竹田ダニエル(ジャーナリスト)さんは次のように指摘しています。
「アメリカが分断されている」という議論は、日本でもよく耳にする。保守や中道、リベラル等、各々が個人的な価値観をもとに政治的思想を持ち合わせており、それらが対立することで社会の分裂が生じている、というふうに日本のメディアでも形容される。
しかし実際には、政治的立場に関係なく、多くの人々が自分にとって都合のよい、「オルタナティブ(代替的)な現実」を信じることを選択し、その影響が政治に及んでいる。
竹田ダニエルさんによると、2024年9月のカテゴリー4のハリケーン「へリーン」で大災害に遭ったときにでさえSNS上では「オルタナティブファクト(代替的現実)」、つまり陰謀論が盛り上がったと言います。
歴史的な異常気象を引き起こす原因である環境破壊には目を向けず、「政府が嵐を人工的に生み出している」といった陰謀論が、右派の間でSNS上で大いに盛り上がった。世界トップの環境科学者たちによる二〇二四年の「気候の現状」報告書では、「私たちは不可逆的な気候災害の瀬戸際に立っている」として、地球上の多くの生命が危機に瀕していると警告が出ているにもかかわらず、だ。
多くの人々が既存メディアではなくSNSからの情報に頼るようになってきています。私もそうですが・・・
新聞は高くて買えない、読まない。
マスコミではなくマスゴミだと思ってしまう。
テレビは下らない、嘘ばかりつく。
そんな状況下では、人々はSNSに飛びつくしかないように思います。
しかし、SNSには大きな陥穽があると竹田ダニエルさんは指摘しています。
・・・これらのSNSを使っていると、自分の意思で情報を探しているように思い込むが、実際にはアルゴリズムによってプラットホームやその所有者に都合のよい情報が与えられているだけだという事実に気づきにくい。

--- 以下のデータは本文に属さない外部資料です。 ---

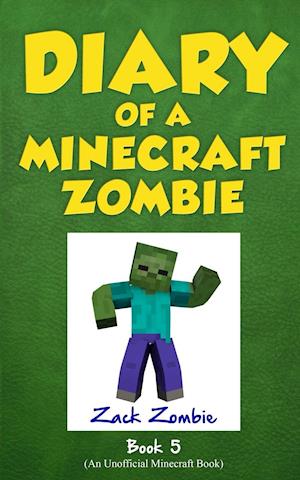 Zombie, Z: Diary of a Minecraft Zombie Book 5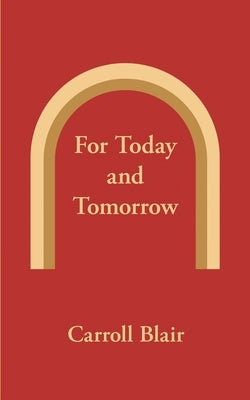 For Today and Tomorrow by Blair, Carroll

つまり、客観的な真実を探そうとしても、「他の誰かを犠牲にしてでも、一部の人にとって都合のよい物語」を作り出すことで金儲けをしている人々によるコンテンツを目にすることになる。信じるかどうかは別として、辛い現実を逃れるために、もしくは辛い現実を他の誰かのせいにするために、都合よく解釈することが社会に浸透してしまっている。同じ社会で生きていても、共有する「現実」が同じでない限り、「分断」は深まるだろう。
アメリカだけではなく、世界中、そして日本でもこのような「オルタナティブファクト(代替的現実)」の潮流に流されているように思います。
格差社会の進行により、生きていくのが精一杯で、客観的・科学的な現状認識に興味も持てず、陰謀論に代表されるような「オルタナティブファクト(代替的現実)」を生きている人たちとの対話がますます困難になってきていると言えそうです。
こうした科学的事実にもかかわらず、地球の未来を考えない人々、または考えていたとしても「気にしない」「どうでもいい」とみなす人々と対話することは、どんどん難しくなっている。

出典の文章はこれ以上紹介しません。